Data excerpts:
[Start of Attachment]
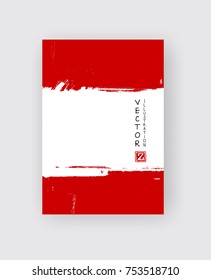 Black ink brush stroke on white background. Japanese style. Vector illustration of grunge circle stains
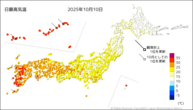10日の最高気温の分布図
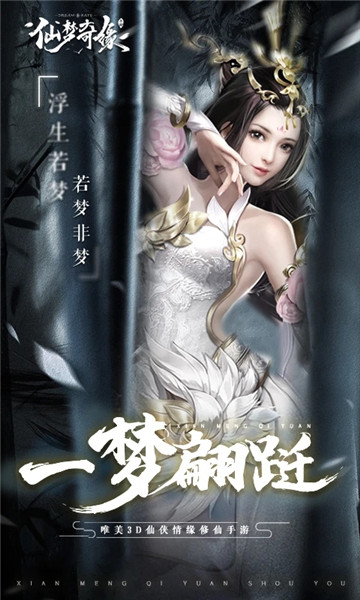 仙梦奇缘最新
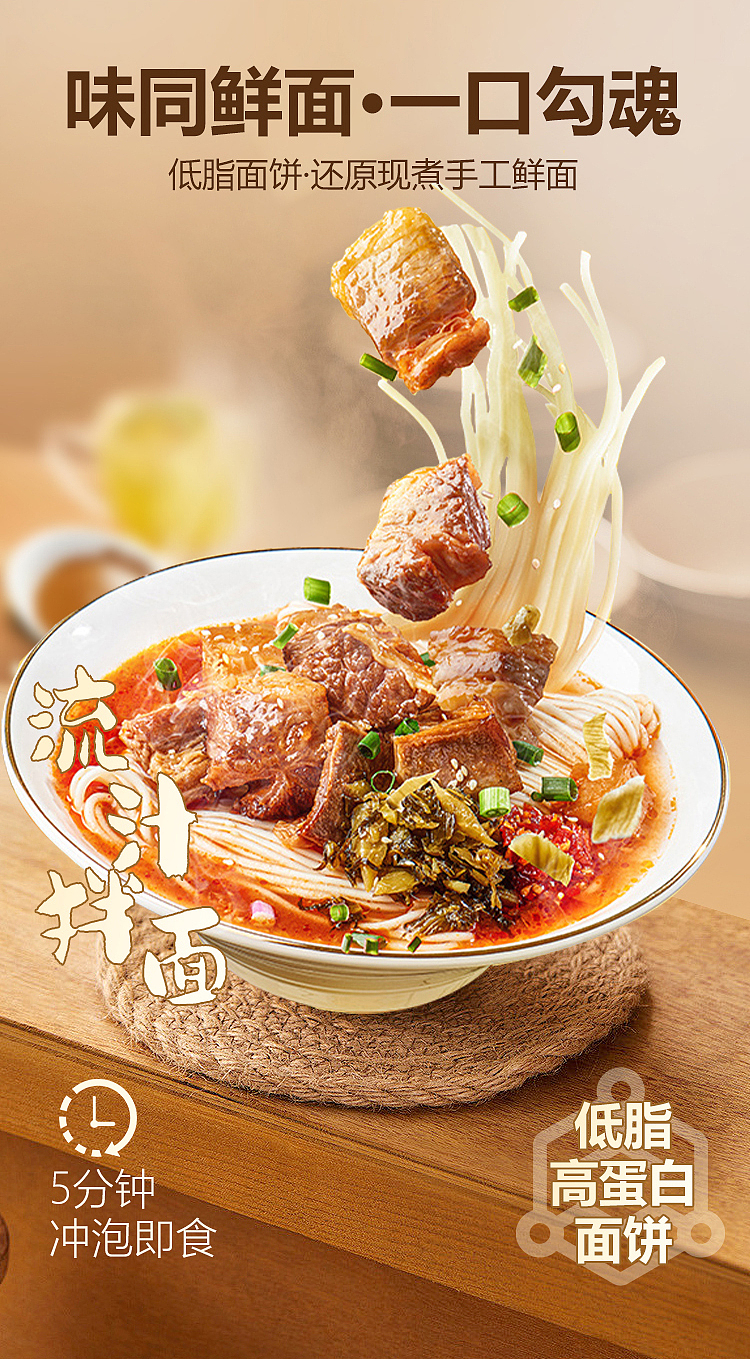 面海报-详情页首屏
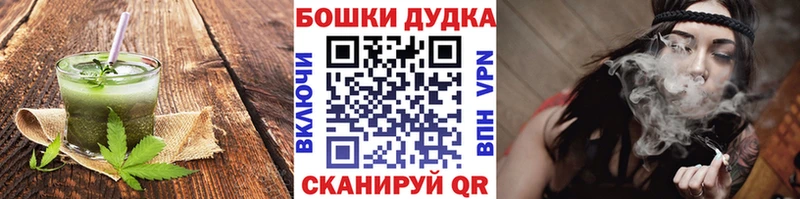 Еда ТГК марихуана  Рязань 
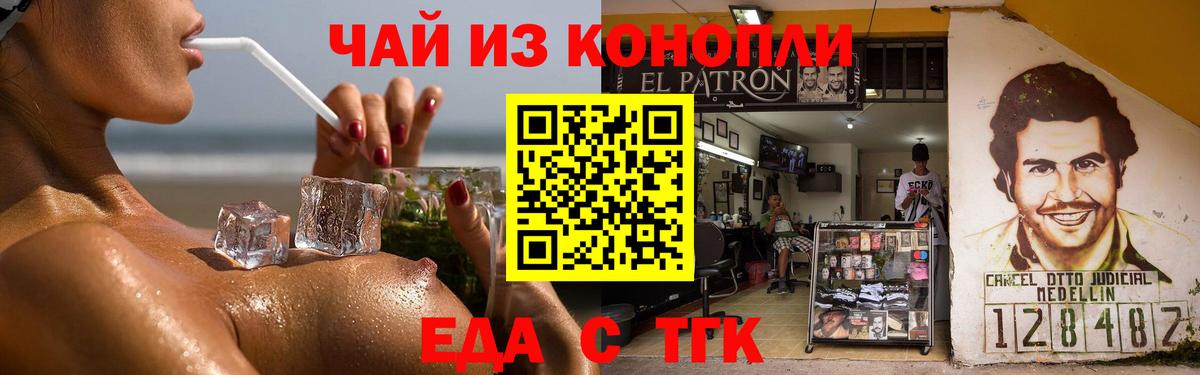 Печенье с ТГК конопля Назарово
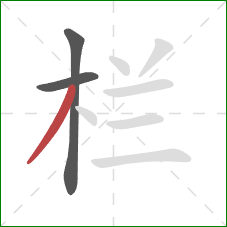 栏的笔顺第3画：撇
[End of Attachment]
§ Try it: All of the data is to be reproduced exactly, with the pictures left out.

§ Answer below:
 Black ink brush stroke on white background. Japanese style. Vector illustration of grunge circle stains
10日の最高気温の分布図
 仙梦奇缘最新
 面海报-详情页首屏
 Еда ТГК марихуана  Рязань 
 Печенье с ТГК конопля Назарово
 栏的笔顺第3画：撇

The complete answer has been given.